1986: 1×05 – A Grande Festa (RTP1)

Finalmente a conclusão do primeiro episódio.

E claro que já se sabia que sendo o DJ Top Jackpot filho de um empedernido comunista a animar uma festa de apoio ao candidato Freitas do Amaral, aquela só podia correr mesmo, mesmo mal.

O que fica na retina é a forma desastrada como todo o crescendo(?) narrativo até se chegar ao grande clímax prometido foi construído. Sinceramente não gostei. Acho que houve pressa em incluir elementos diversos para construir a época, esquecendo-se de criar uma estrutura narrativa sólida. É demasiado adereço, demasiado vestuário, demasiada música de época, para tão pouca história.

O cliffhanger do primeiro episódio, demorou quatro episódios a concluir-se.
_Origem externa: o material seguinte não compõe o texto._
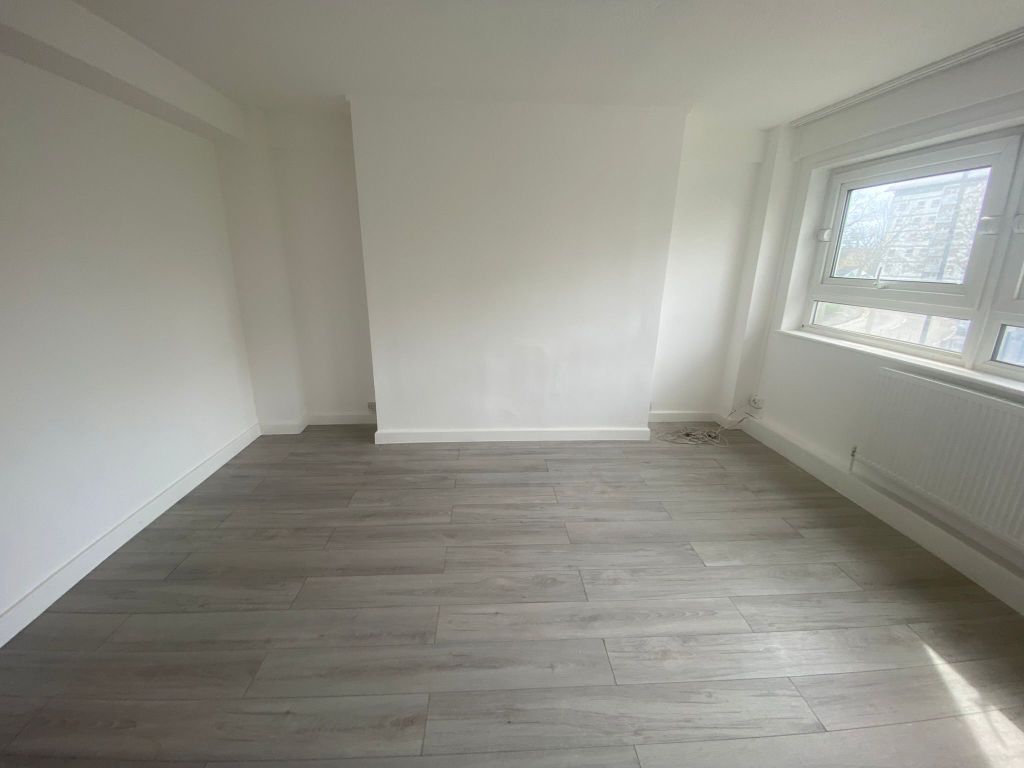 Property photo 3 of 8 3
E no final fica o sabor amargo de que não se concluiu satisfatoriamente, com episódios de permeio que não adiantaram grande coisa à narrativa. Mais valia terem concluído esta historieta ao segundo episódio. Mas pronto…

A Festa correu mal porque contra todas as probabilidades o Tiago não sabia que festa era aquela. Isto apesar de ser no bairro dele. Apesar de viver numa casa politizada. Apesar de uma campanha mediatizada. Apesar das desculpas que o argumento foi semeando para que ele não descobrisse.

Para não ser reconhecido mascara-se de mascote do mundial de 1982. E é vestido desta forma improvável que o DJ Top Jackpot (o Tiago, não a série) consegue um sucesso assinalável em cativar os apoiantes que aguardam ansiosamente a chegada de Freitas do Amaral. Apesar de evitar a todo o custo passar um slow para evitar que o seu rival dance com a Marta. O pavilhão estava supostamente cheio, isto apesar das câmaras não conseguirem disfarçar o reduzido número de figurantes e o artificialismo que demonstram. Aliás, este tem sido outro dos problemas da série. Sempre que há figurantes, estes não resultam naturais. Então na escola…

Curiosamente o episódio focou-se a meias noutra história, tendo Eduardo, o pai de Tiago, como protagonista. A da sua solidão e saudade da mulher. E da necessidade daquele homem carente e comunista de ter companhia. Aproveitando a ausência do filho, contrata uma “massagista” para serviço ao domicílio. Como bom homem, encharca-se de vodka e partilha filmes clássicos com a profissional, que ainda por cima não perfilha dos mesmos ideais comunistas. Claro que não acontece nada entre os dois, pois os autores têm que o preservar para a setôra Alice.

Também aqui não houve um clímax satisfatório (pun intended).

Como compensação temos a destruição da grande festa pelo Eduardo, ante o olhar perplexo de um escondido Freitas do Amaral.

No meio de tanta desgraça e climaxes falhados, valha-nos a Gina.